I came into this season’s premiere of “Supernatural” a little wary – the end of Season 11 brought with it a lot of changes to the show, including the departure of showrunner Jeremy Carver, some of my favorite writers, and even some long-time crew members. So I was guarded in my expectations, but hopeful because every time I talked to lead actors Jensen Ackles or Jared Padalecki about the new season, they seemed to be happy with the start of the season and where the early episodes were taking them. So, in I went, with tissues and pie and glass of wine at the ready.
“Supernatural” fans are a bit different than other fans – we’re a fandom that has been around for a long time, and we appreciate all sorts of little things that the casual viewer might now. Case in point:
A) The Show is now back on Thursdays, where it began on another network eleven years ago. That felt special to me and added to the anticipation.
B) We love the crew of our show and the miracles that they work, so most of us were not only anticipating the show but the new title card! And it didn’t let us down – I gave a little squee to see it.
C) Music is important. Sure, sure, there’s no singing in Supernatural (untrue, btw) but there has always been music. Great music. The classic rock that Eric Kripke loved and passed on to his fictional boys, Sam and Dean. This season kicked off with the sort of kickass classic rock montage that we’ve come to expect from “Supernatural,” ratcheting up the excitement and reminding me of what an amazing show I fell for.
And then we were rolling. We pick up right where we left off, which always makes me happy – I loathe gaps and inevitably feel the need to find some fanfiction to fill them in ASAP. Everyone has been wondering what it would be like to have such an iconic character as Mary Winchester back because, despite her infrequent appearance on the show, she is an incredibly important part of the story. How lucky are we to be able to get Samantha Smith back to portray her? Nobody else could have played that part and been accepted wholeheartedly, embraced instantly, by the fandom. (And how lucky is the CW that Samantha still looks the same as she did twelve years ago shooting the pilot?!)
Dean is understandably emotional; Mary is understandably cautious. When Dean reaches out to touch her, she does what any reasonable woman would do when a man tries to touch her without her permission – she flips him to the ground and pins him with her bare foot. (I bet Show didn’t know how relevant to current events that scene would be…)

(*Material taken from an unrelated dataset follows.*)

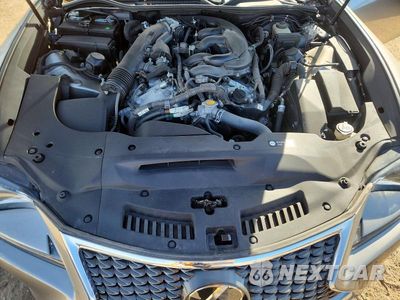 Zdjęcie 11 z 12 samochodu: 2016 LEXUS RC 350 VIN:JTHSE5BC8G5006266 - miniatura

Luckily for Dean, he has his parents’ history memorized in vivid detail, proving to Mary that he is, in fact, her son, fast forwarded 33 years after her death. I have to commend Andrew Dabb’s writing here because he doesn’t just leave it to assumption as to why Mary actually believes Dean fairly quickly. She was raised by hunters, so coming back from the dead isn’t the impossible-to-believe thing that it would be for most of us. We also learn specifically that she doesn’t remember the times Dean and Sam encountered her in the past, or when she was a ghost. Thank you, Andrew, for that canon consistency! (Another thing about this fandom – we take canon seriously. Don’t get it right and we WILL call you on it. Check the SuperWiki!)
What makes this episode excellent is the same thing that often makes Supernatural one of the best shows on television – the performances of its cast. This scene immediately made me reach for the tissues – just 3 minutes in! Both Jensen Ackles and Samantha Smith were perfect in this scene, adding the sort of subtleties that can easily go unnoticed but that bring the emotion of the scene into powerful focus. Dean’s almost childlike excitement as he recites his parents’ past just about broke my heart. You can tell how important it is to him, hanging onto that family story. How many times did Dean tell himself that story, trying to reassure himself that he did have a family who loved each other (and him) – before it all went up in flames? Dean Winchester values family above everything, because it’s the thing he’s lost over and over again. So he hangs onto that family story with both hands, holds it in his heart and calls it up with such ease, you know he still tells himself that story often.
Also, the fact that John Winchester knew the words to every Zeppelin song for some reason just pushed me over the edge into actual tears. Like I said, music is important to this fandom. And to its very own absentee father, Mr. Kripke, whose absence I think we will all feel forever. Dean could have been talking about John or Eric, and we all knew it.
The show knows this about us, of course. That’s why the familiar notes of the family theme begin to play as Mary slowly closes the distance between her and her son.
“Dean,” she says, and as always in Supernatural, that one word – that one name – says so much more.
“Hi mom,” he replies softly, and she pulls him into her arms. The look on Dean’s face then – the incredible emotion that Ackles put into his expression – if I wasn’t already sobbing, that would have done it.
Dean catches Mary up, which is really saying something.
Dean: It’s a lot.
That’s what fans tend to say to non-fans when they try to explain this show. I mean, it is!
Protective Dean is one of my favorite things, so I loved him putting his jacket over his mother’s shoulders and offering to take her home.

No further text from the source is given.